> _Assigned task_
Print each record below precisely, with every picture left out of the copy.

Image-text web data
%%

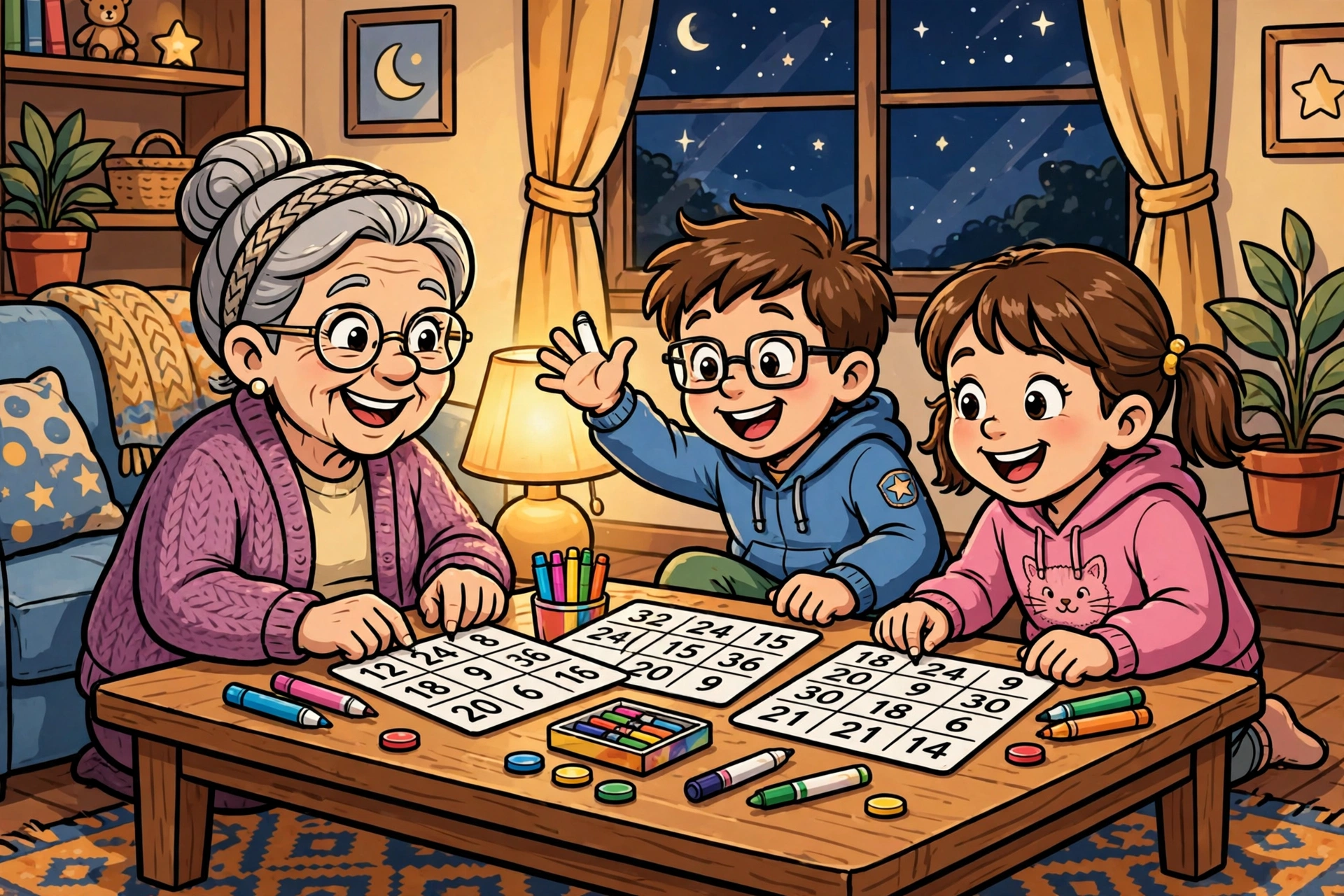Family playing multiplication bingo together at family game night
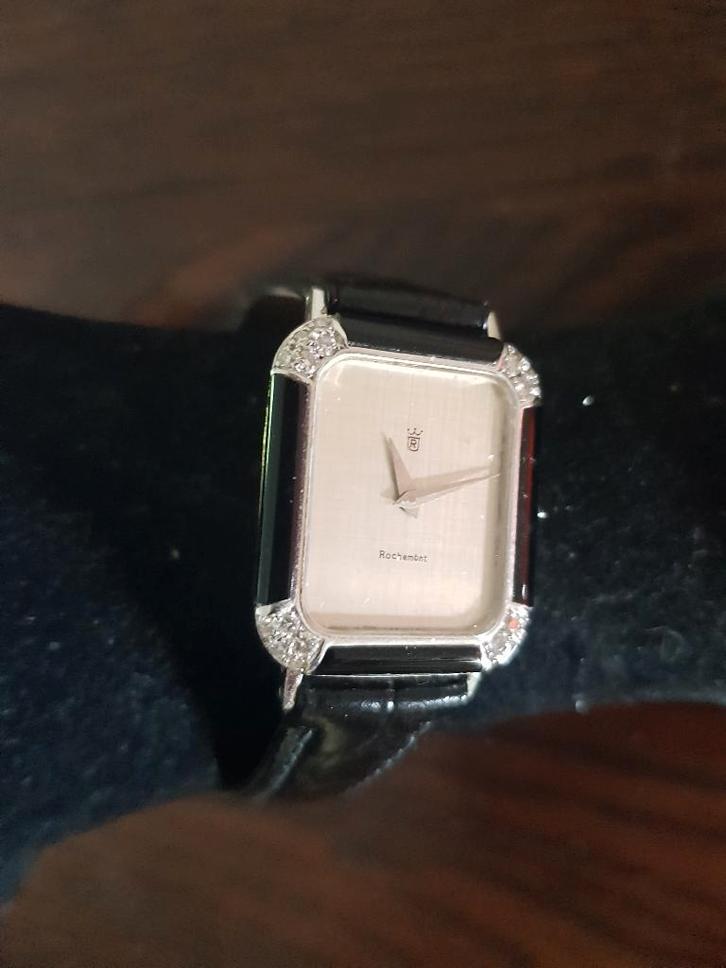 18 krt witg armband horloge Rochemont met briljant + emaille, Sieraden, Tassen en Uiterlijk, Armbanden, Nieuw, Goud, Zilver, Met edelsteen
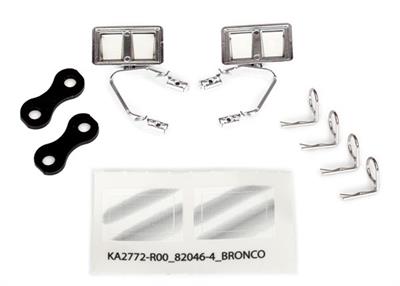 Traxxas - TRX8073X - Mirrors, side, chrome (left & right)/ retainers (2)/ body clips (4) (fits #8010 or 9230 series bodies)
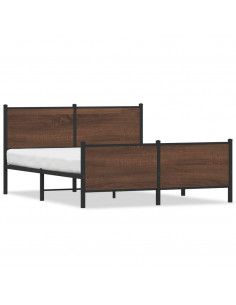 Giroletto Testiera e Pediera Metallo Rovere Marrone 140x200 cm 2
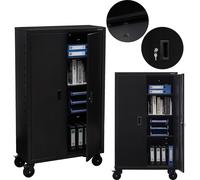 AREBOS Armoire à dossiers | Armoire de Bureau |Jeu de 4 roulettes | 155 x 90 x 40 | 2 Portes | 3 étagères réglables en Hauteur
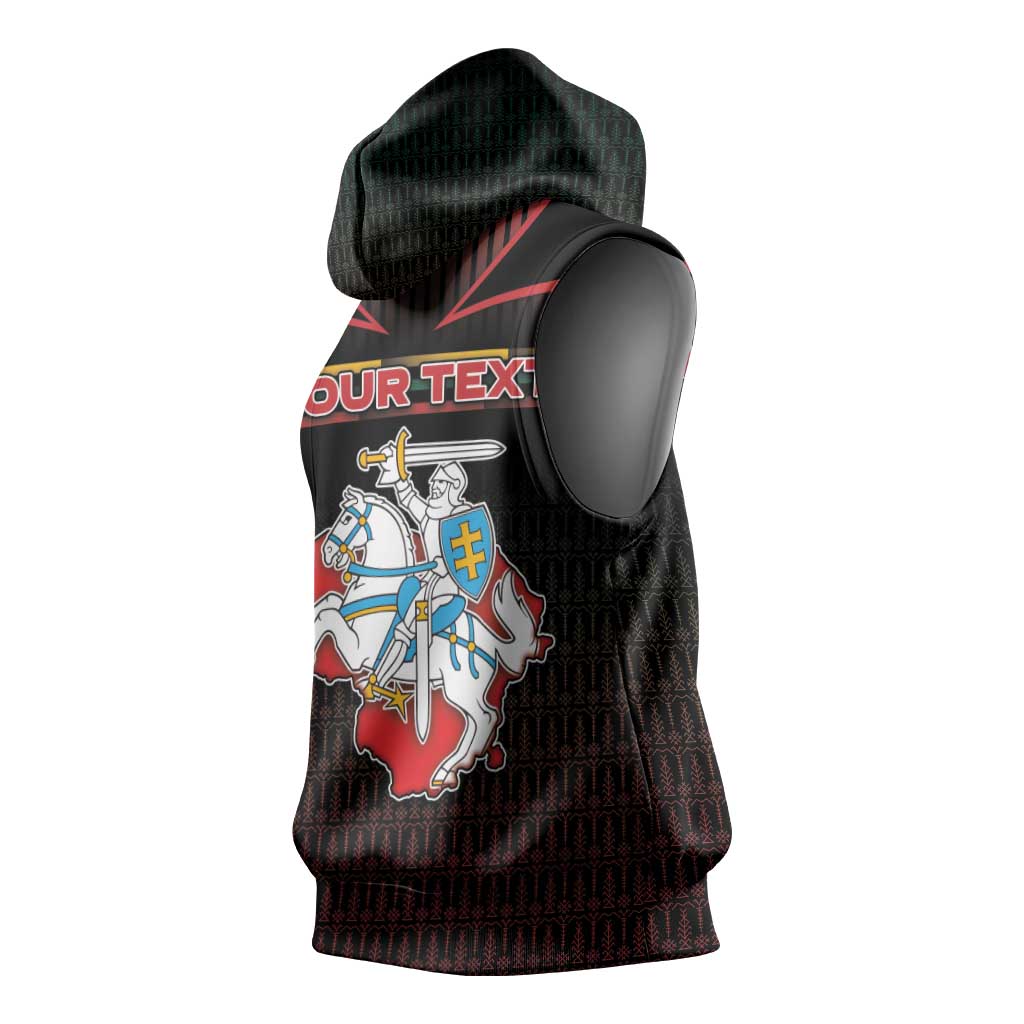 Personalized Lithuania Sleeveless Hoodie Knight In Armor With Map - Wonder Print Shop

%%

> _Answer for the task_
Family playing multiplication bingo together at family game night
 18 krt witg armband horloge Rochemont met briljant + emaille, Sieraden, Tassen en Uiterlijk, Armbanden, Nieuw, Goud, Zilver, Met edelsteen
 Traxxas - TRX8073X - Mirrors, side, chrome (left & right)/ retainers (2)/ body clips (4) (fits #8010 or 9230 series bodies)
 Giroletto Testiera e Pediera Metallo Rovere Marrone 140x200 cm 2
 AREBOS Armoire à dossiers | Armoire de Bureau |Jeu de 4 roulettes | 155 x 90 x 40 | 2 Portes | 3 étagères réglables en Hauteur
 Personalized Lithuania Sleeveless Hoodie Knight In Armor With Map - Wonder Print Shop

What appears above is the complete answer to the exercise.